Psicólogos destacam a importância de uma rede de apoio e do acompanhamento com profissional de saúde mental especializado

Tudo começou há um ano, quando o diarista Guilherme Gomes, 20, ainda morava em Manaus (no Amazonas) e percebeu que algumas casas onde fazia faxinas tinham objetos acumulados e higiene precária.

“Ao invés de julgar, abandonar o serviço ou fazer só pelo dinheiro eu perguntava para o cliente se ele estava bem. Foi então que começaram a me relatar os problemas que envolviam perdas recentes, depressão e problemas financeiros. Algumas faxinas eu nem cobrava porque via o quanto estava difícil”, conta.

O tempo passou e Gui, como é conhecido, começou divulgar as faxinas solidárias quando tinha o consentimento do cliente. Atualmente, o diarista, que vive em São Paulo, conta com 35 atendimentos do tipo.

Por meio de doações dá continuidade ao serviço e, com ele, se tornou um influenciador e defensor deste tema que, além da limpeza, envolve a saúde mental.

“Há uns quatro meses, quando comecei a divulgar, muita gente do país me procurou. E comecei a falar e mostrar que a depressão, por exemplo, não é frescura, é um assunto sério e que merece atenção, principalmente do poder público. Vejo que eu faço um trabalho que poderia ser realizado por governantes, mas não é o que acontece”, diz.

A limpeza solidária, realizada pelo influenciador e diarista, também é feita por instituições e grupos. Eles miram aqueles que, devido a sua situação de saúde mental em decorrência de transtornos como o depressivo, não conseguem manter a moradia em condições adequadas de higiene e organização.

Segundo a Pesquisa Vigitel 2021, cerca de 11,3% dos brasileiros receberam um diagnóstico de depressão. A incidência maior é entre mulheres, com 14,7%. Além da depressão, outras patologias podem causar estes comportamentos, de acordo com Vanessa Flaborea Favaro, psiquiatra e diretora dos ambulatórios do IPq-USP (Instituto de Psiquiatria da Universidade de São Paulo).

“Qualquer outra patologia psiquiátrica que traga uma perda de capacidades pragmáticas pode fazer com que a pessoa não consiga ter esse autocuidado ou o cuidado com a casa. Demências, pacientes psicóticos afastados da realidade e um estado grave, uma outra patologia, em especial, o Transtorno Obsessivo Compulsivo (TOC), que muitas vezes leva a limpeza exagerada de uma parte do corpo ou da casa. Além dos acumuladores, que não conseguem se desfazer de objetos mesmo que sejam danosos para a higiene do ambiente”, afirma a psiquiatra.
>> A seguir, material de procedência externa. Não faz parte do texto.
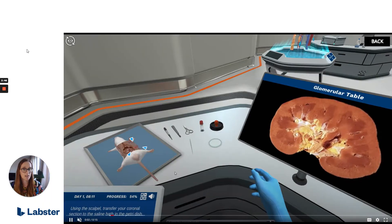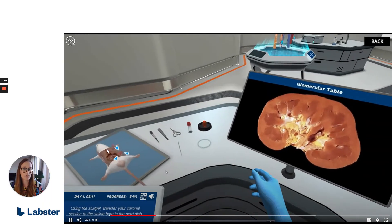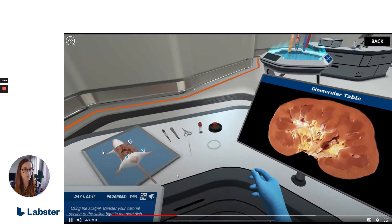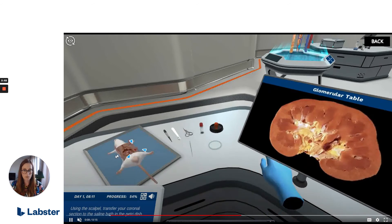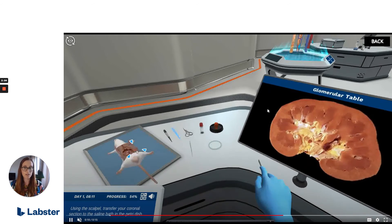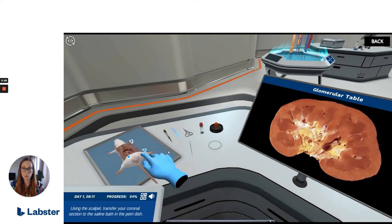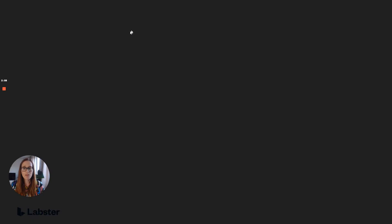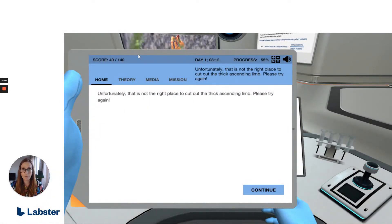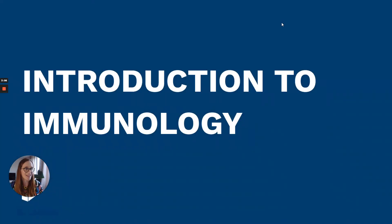We adjusted the viewing angle at the rat dissection experiment to allow for more user-friendly interaction and made sure the screens are all in one view. Throughout the simulation, we improved the instructions, feedback, and hints for a better learning experience.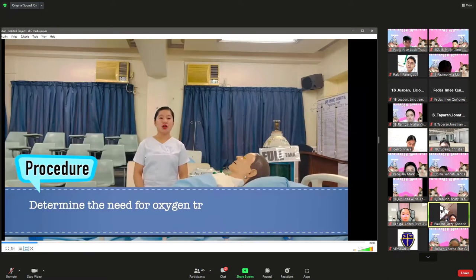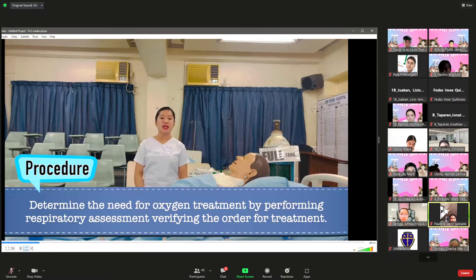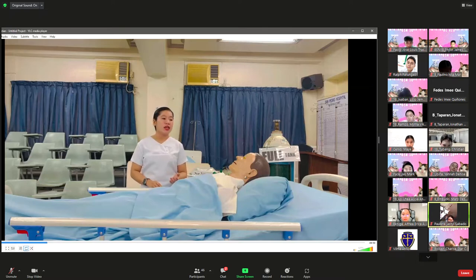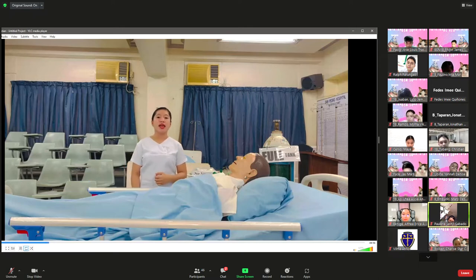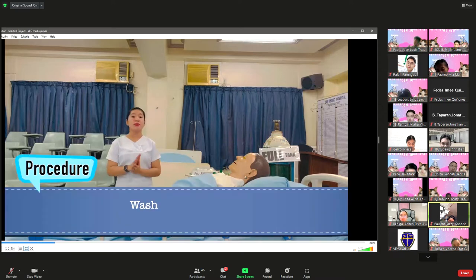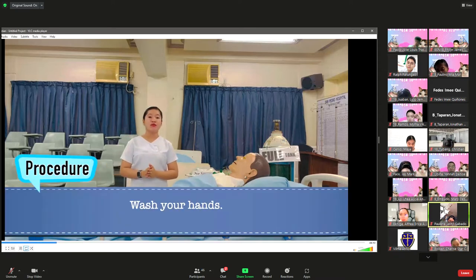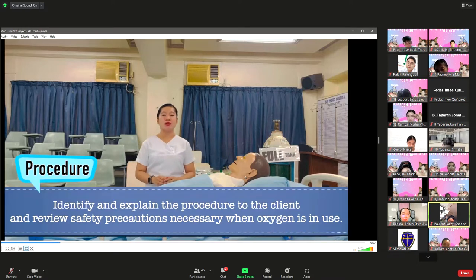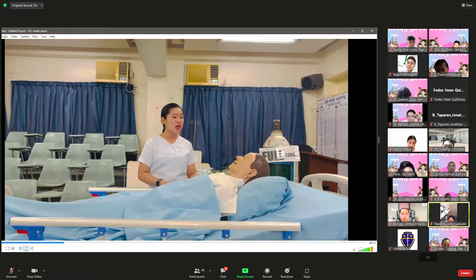First, determine the need for oxygen treatment by performing a respiratory assessment and verifying the physician's order. You can perform vital signs and, if available, use a portable pulse oximeter to obtain the patient's oxygen saturation, providing baseline data and ensuring the most appropriate device is selected. Next, perform medical hand washing to deter the spread of microorganisms.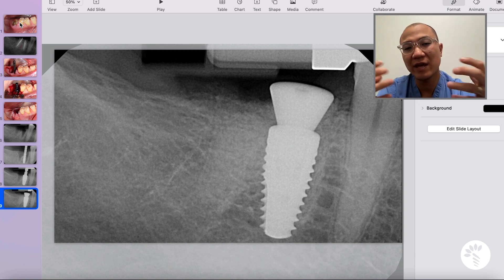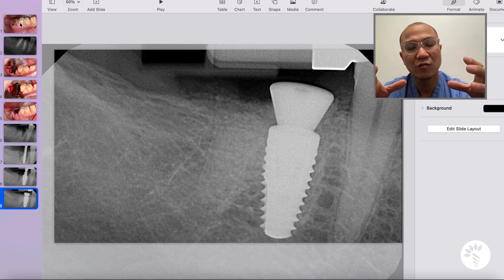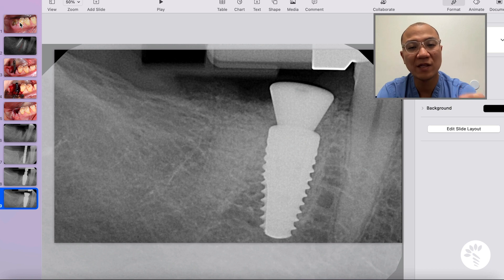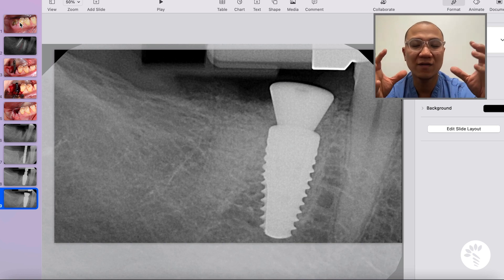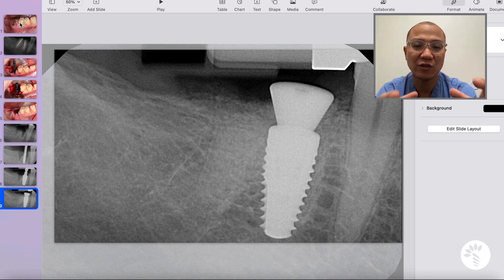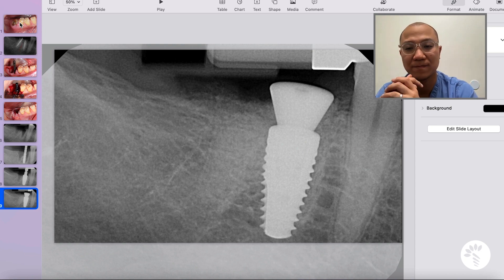Another thing that is really important in this case: when you are thinking about doing an immediate implant, you want to make sure that you do not traumatize the hard and soft tissue during the extraction. The extraction has to be done in a very atraumatic way to preserve the soft and hard tissue architecture.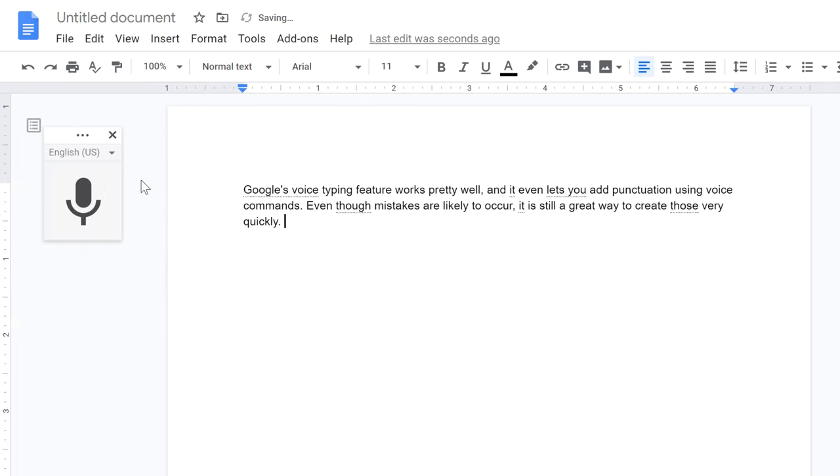Clicking the microphone again turns voice typing off. In this example, Google did a very good job of transcribing my speech. It helps that there isn't a lot of background noise that Google has to try to filter out.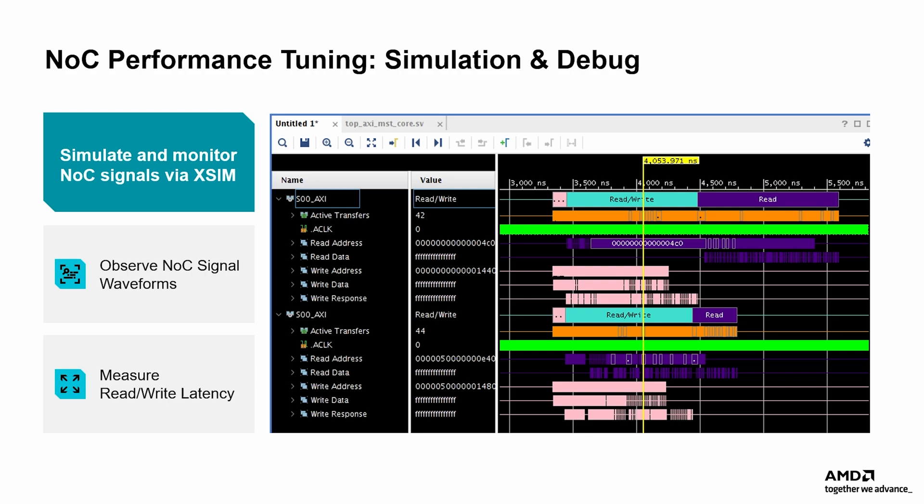Several NOC-specific conditions influence these results, including fall-through latency — the minimum achievable transfer time without contention — traffic patterns like burst length and address alignment, arbitration delays caused by competing flows, and congestion when multiple masters share the same resources. Analyzing these simulation metrics helps guide QoS tuning, traffic shaping, NMU-NSU placement strategies, and channel allocation to achieve predictable performance in the implemented design.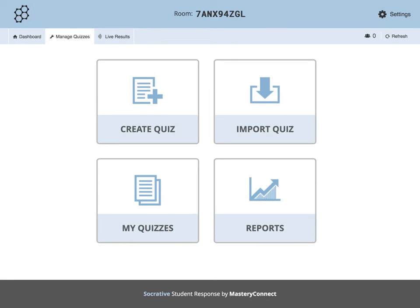Once you click Save, it will bring you back to the screen. From here, you have a few options. You can look at all the quizzes you've made by clicking My Quizzes. You can import your quiz from another teacher using Socrative or from an Excel spreadsheet by clicking Import Quiz. And lastly, you can look at the different progress made by your students by clicking on Reports.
De acordo com ela, em casos extremos a internação pode ser necessária. A ajuda, em muitos casos, representa alívio para quem está em sofrimento mental.

O projeto Limpeza Voluntária, criado há oito meses, também atua em prol daqueles que vivem em más condições de higiene e organização por decorrência da sua saúde mental.
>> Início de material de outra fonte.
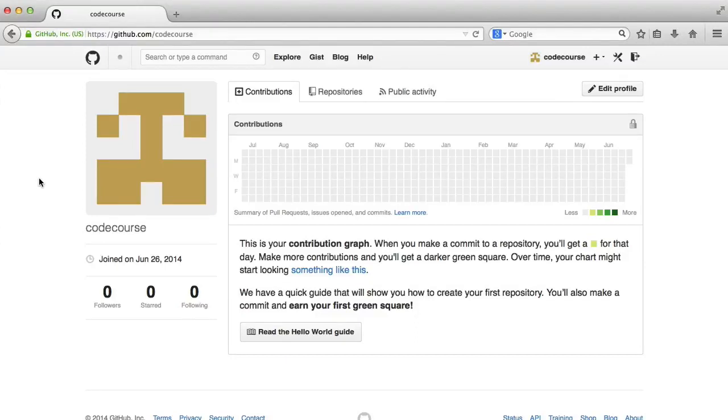In this part, we're going to pretend I'm a completely different user to the user I've been using throughout this series and will contribute to the Hello World project using this CodeCourse user.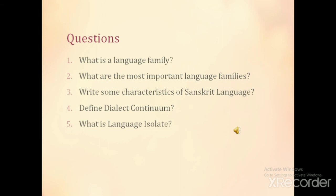Dear students, note down the lecture, read it carefully, and then answer these questions. Question one: What is a language family? Question two: What are the most important language families? Question three: What are some of the characteristics of the Sanskrit language? Question four: Define dialect continuum. Question five: What is a language isolate?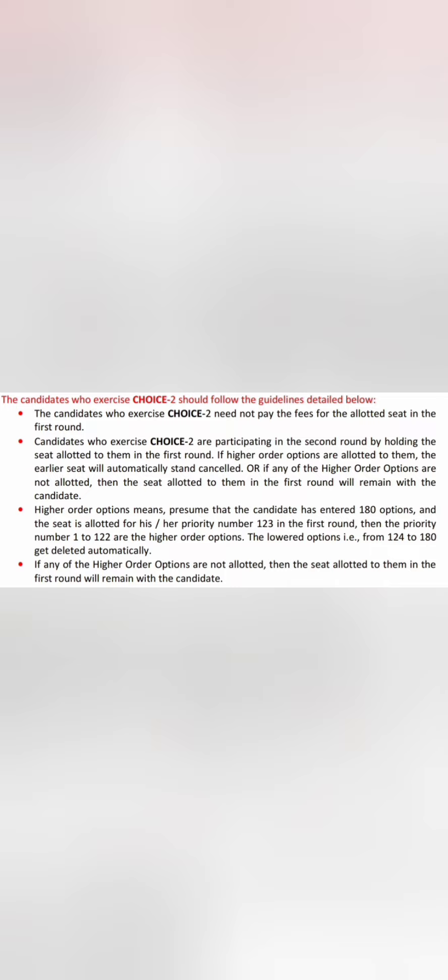Higher order options mean colleges ranked above your first round allotted college. When option entry for round two starts, you can reorder, edit, and modify your college preferences, but you cannot add any new college. The allotted college from round one will not appear, all colleges below it will be automatically deleted, and you can simply participate in round two counseling. Choice two students don't need to pay fees and can modify options above their current allotted college.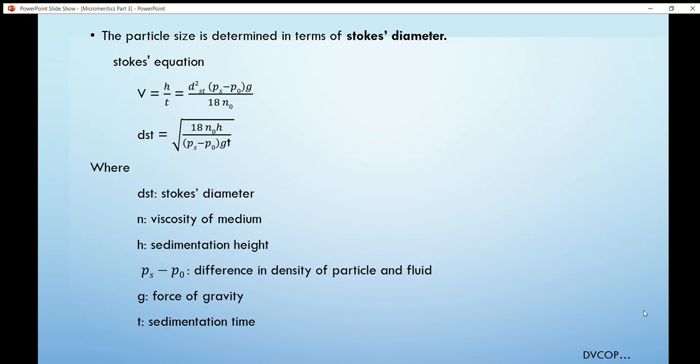Using the Andreasen pipette method, we can calculate the Stokes diameter using the formula: v = h/t = d²(ρs − ρf)g / 18η₀, where ρs is the density of the particle, ρf is the density of the fluid, g is acceleration due to gravity, and η₀ is the viscosity of the dispersion medium. This equation is rearranged in terms of dst (the Stokes diameter) to calculate the Stokes diameter of an asymmetric particle.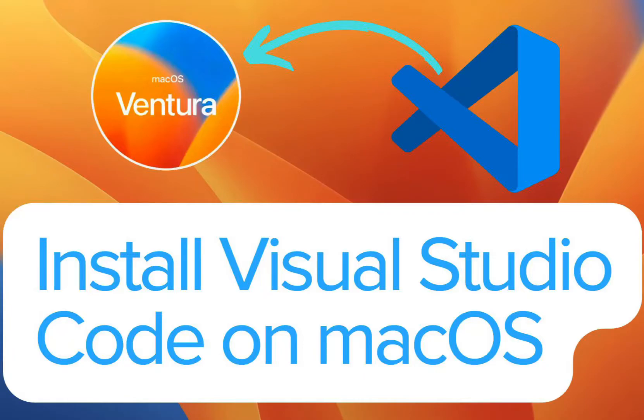Hey guys, in this video, I'm going to show you how to install Visual Studio Code on MacBook Pro running M1 Pro chip. The operating system that I'm running is macOS Ventura.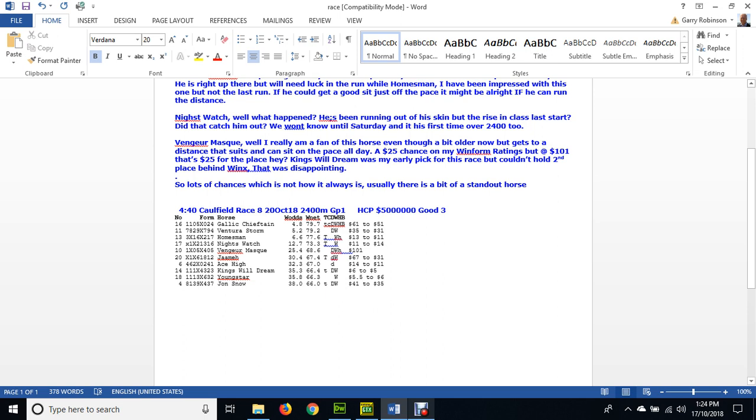It's Maloney trained, Maloney rides. This is a distance that suits it and the thing is it can sit on the pace all day. I've got it as a $25 chance, yet you can easily get $101 or better. You can get $25 just for a place.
Idealizado pelas estudantes Julia Melhem e Mônica Garcia, que já tiveram depressão, o programa faz seus atendimentos no litoral de São Paulo a partir de doações.

“Temos uma equipe de seis pessoas e atendemos algumas vezes no mês. Ver que a gente pode ajudar a dar um novo recomeço para a vida de alguém é gratificante” diz Julia, que teve a ideia de criar o projeto depois de ver vídeos de influenciadores realizando a mesma ação.

Para a psicóloga Tainara Cardoso, é importante que pacientes com depressão ou outra patologia tenham uma rede de apoio, além da ajuda profissional. A profissional salienta que questões sociais e raciais também podem ter peso no processo depressivo, de isolamento e de qualquer outro transtorno mental.

“É importante pensar um caminho. Uma construção de um cuidado, mas é importante que esse paciente seja acompanhado profissional, tenha uma escuta. Para atendimento gratuito, por exemplo, existe o Caps [Centro de Atenção Psicossocial], que vai auxiliar nestes casos de alta complexidade e sofrimento psíquico. Tem também a TCC (terapia cognitivo comportamental), que é mais objetiva. Mas é fundamental que esses pacientes sejam respeitados, que tenham diálogo, escuta e entendam que podem ser ajudados”, diz.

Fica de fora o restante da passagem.